You’ve had the dream to launch your own business for years. Finally, you are ready to take that next step, but you quickly realize the amount of work it will take in the beginning. First, before you start designing a website, hiring any employees or find an office or storefront to rent, you’ll need to decide what type of business to form.
When legally establishing your business, you will have three structure choices: a sole proprietorship, a limited liability corporation (LLC) or a corporation. Think about your business goals before you choose, as well as what level of financial risk you are comfortable with.

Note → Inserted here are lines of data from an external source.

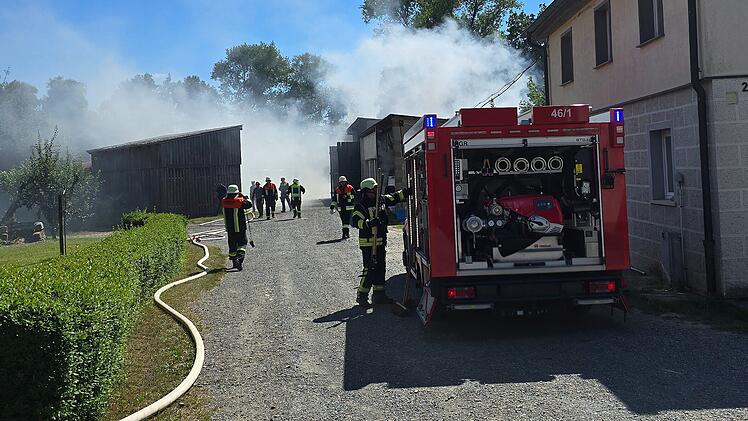 Schimmendorf: Traktorbrand auf Bauernhof sorgt f&uuml;r Gro&szlig;alarm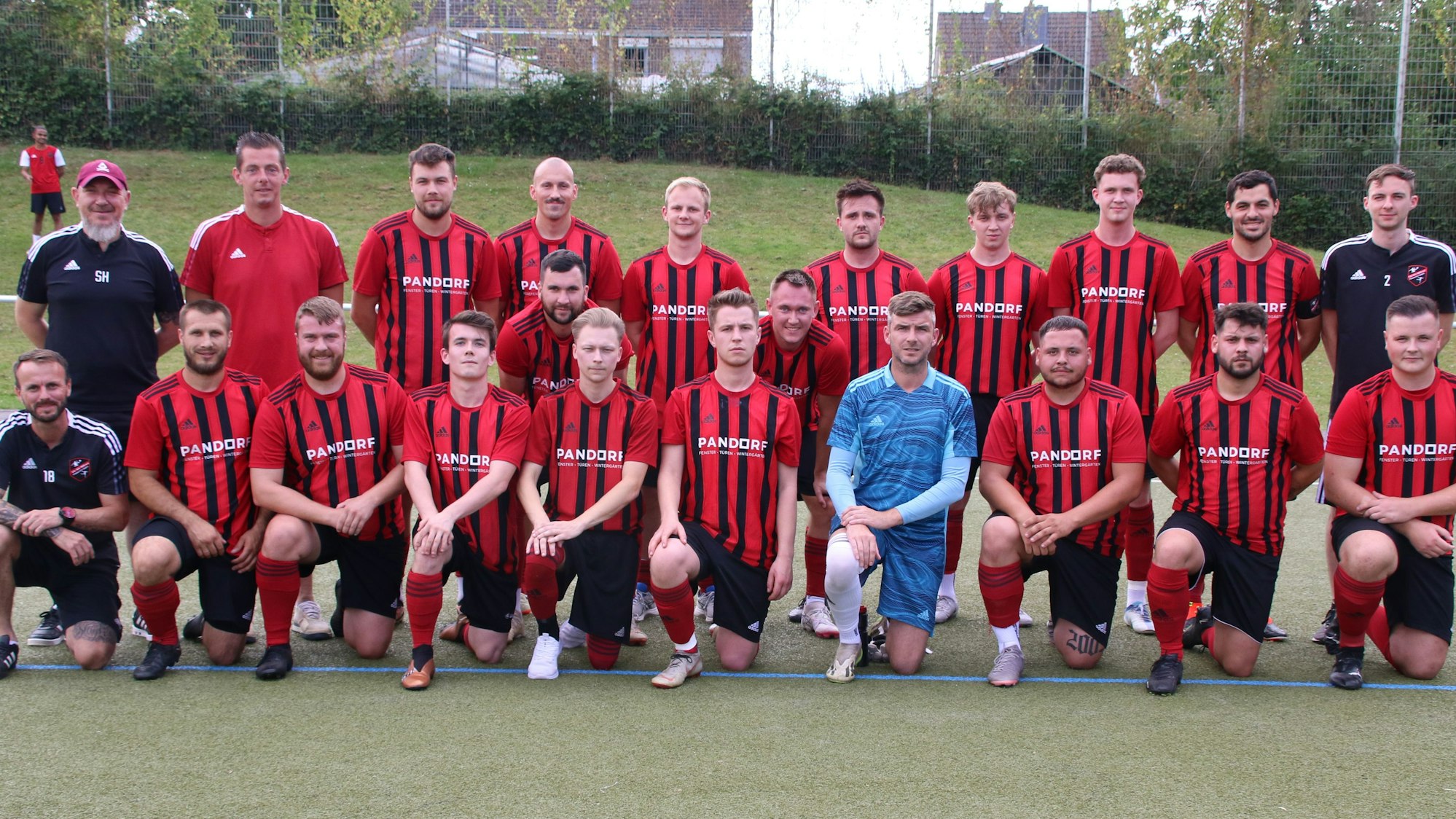 Der TB-SV Füssenich-Geich hat sich für ein Mannschaftsfoto auf Kunstrasen positioniert.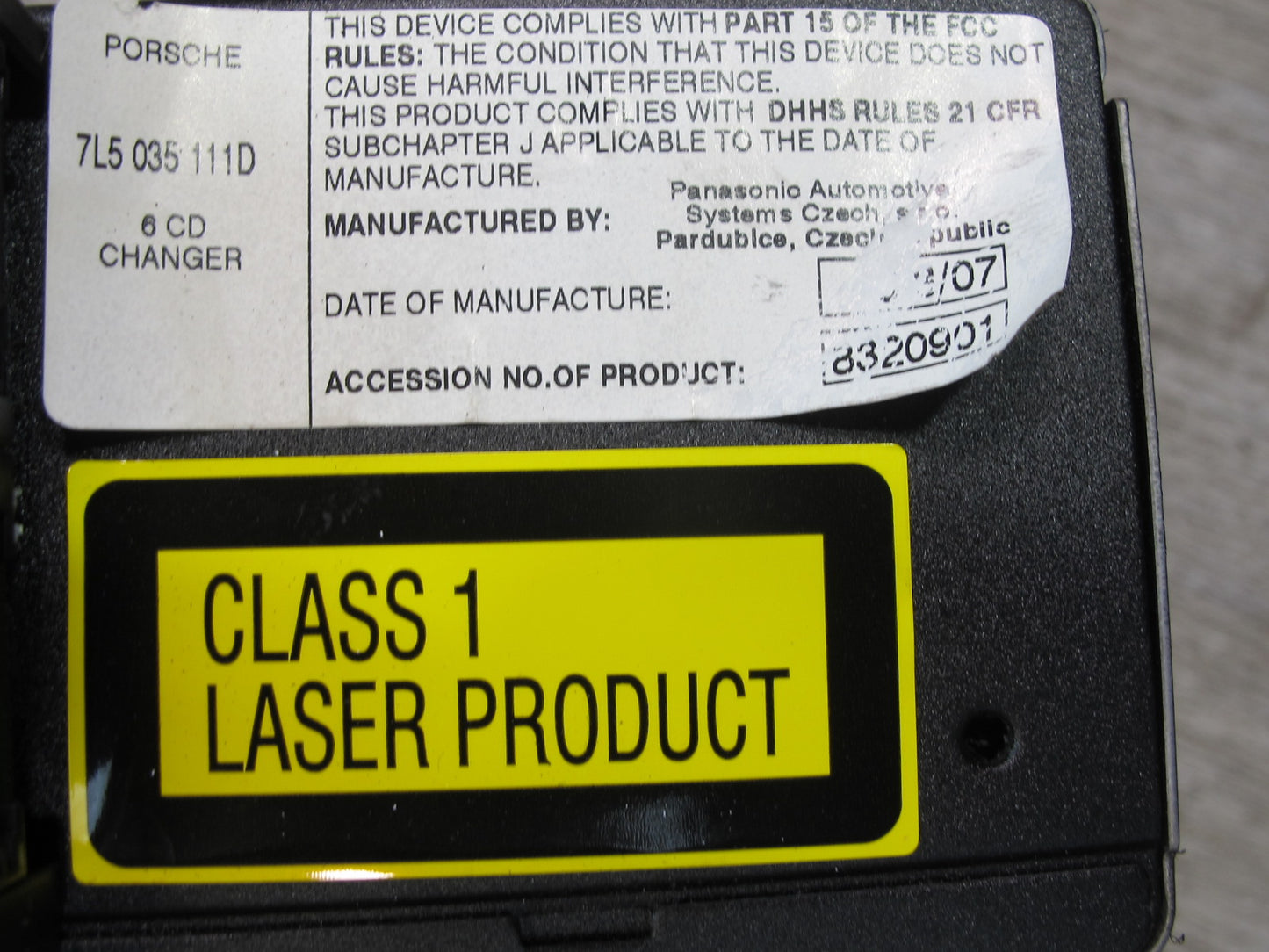 2003-2010 Porsche Cayenne 955 957 CD Changer Player w Magazine 7L5035111D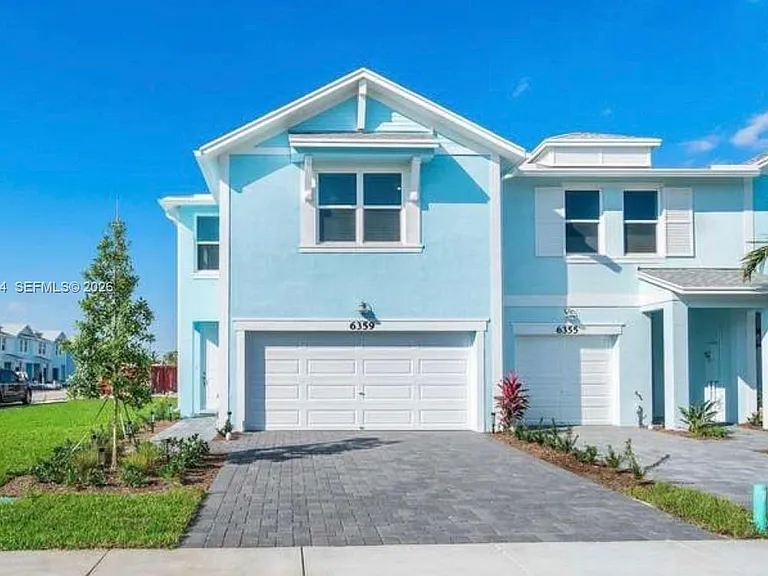 6359 Sailpointe Ln — Photo 1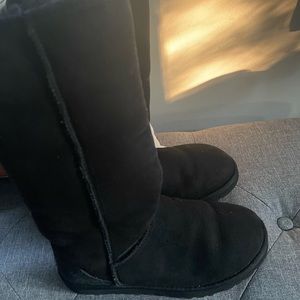 Tall black UGGs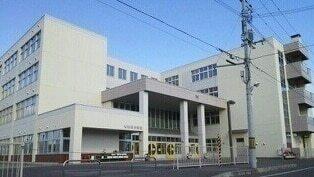 旭川市立神楽岡小学校：700m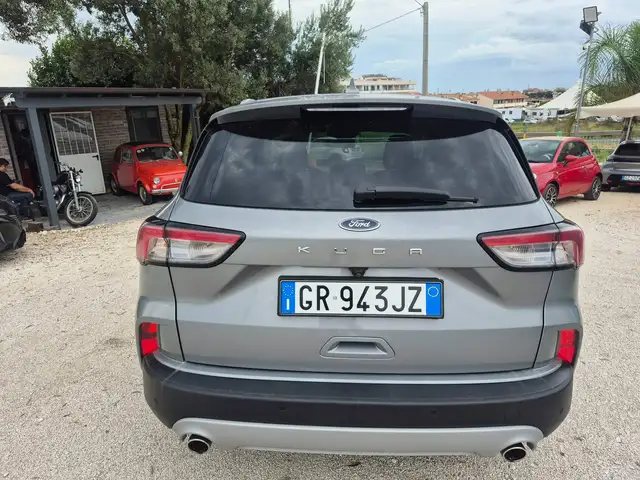 Ford Kuga view 3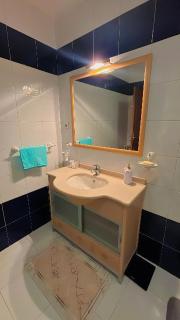 Quarto de Solteiro com varanda centro de Viseu - 6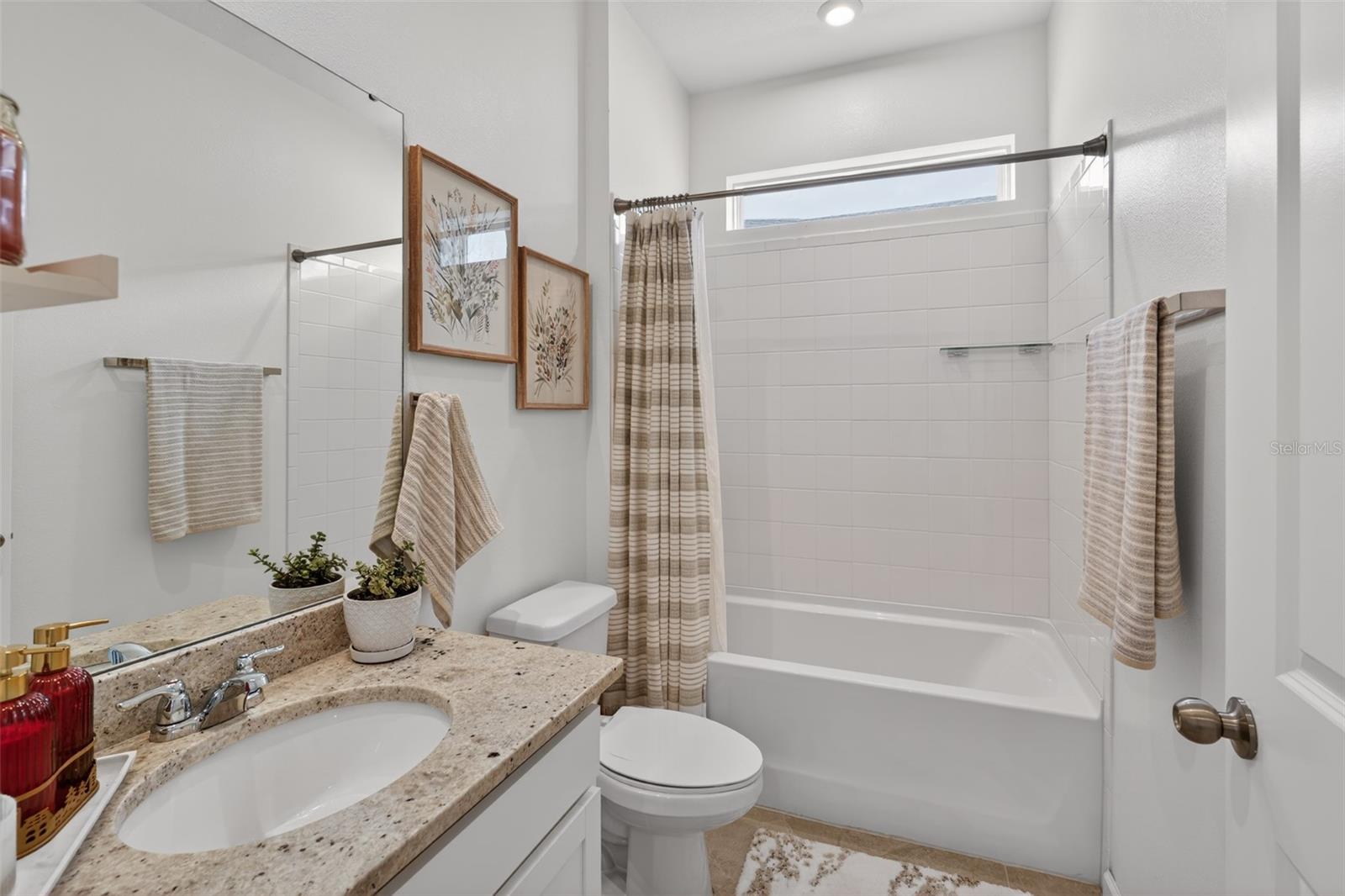 Image 15 of 49 For 1181 Lakeshore Breeze Place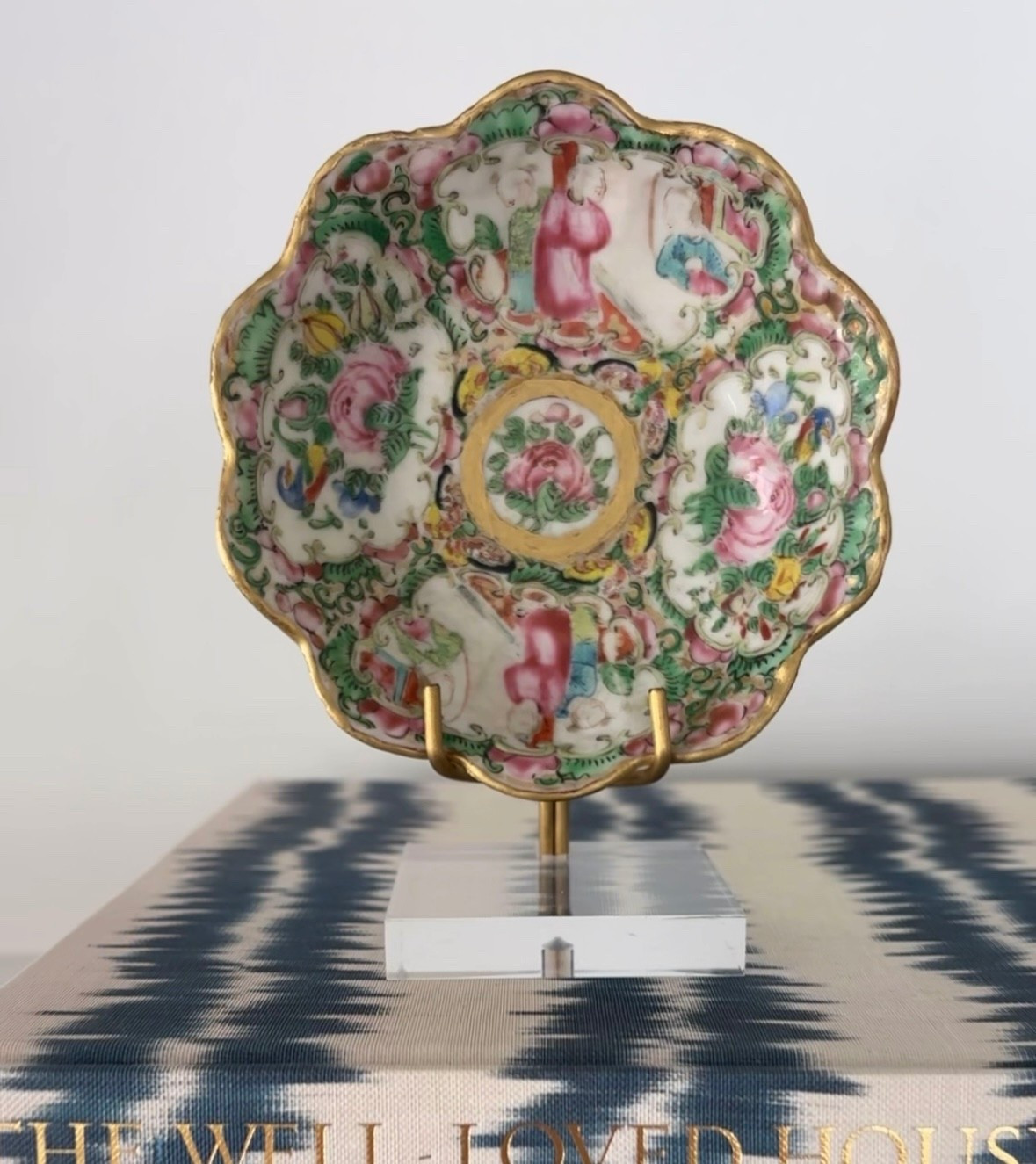 Easel for plates / art 
Built in accessories 
Styling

If you are going to be a one-person consulting firm or run a side business selling your photo and design work on Etsy, a sole proprietorship may be the best fit. It’s very simple to set up legally and you report your income and losses on your individual tax forms. You solely are responsible for your business’ financial obligations.
However, many small business owners establish an LLC because it offers more protection. If you want to protect your personal assets from your businesses’ debts, this is the choice. For example, if you are going to run your own food truck, if someone gets severely ill from eating one of your lobster rolls, you want to protect your personal assets from any financial risks.
Also, if you will be hiring employees, co-owning the business with a friend or family member, an LLC will protect all parties involved. For example, if your brother ends up getting divorced, the business finances will not take a hit because of his divorce settlement.
LLCs don’t require owners to pay corporate taxes, which is part of the reason why many small business owners see them as the perfect balance between operating as a sole proprietorship or a corporation.
Corporations have more government regulations when it comes to taxes and can have an infinite lifespan. They are separate entities from their owners. However, it’s more expensive to form a corporation and requires more record keeping.
No matter which type of business structure you decide on, consult an experienced attorney first. Business law can be very complicated, especially if you want to have a business partner or run a family business. You want to make sure all parties are protected before your business officially opens or has its first clients.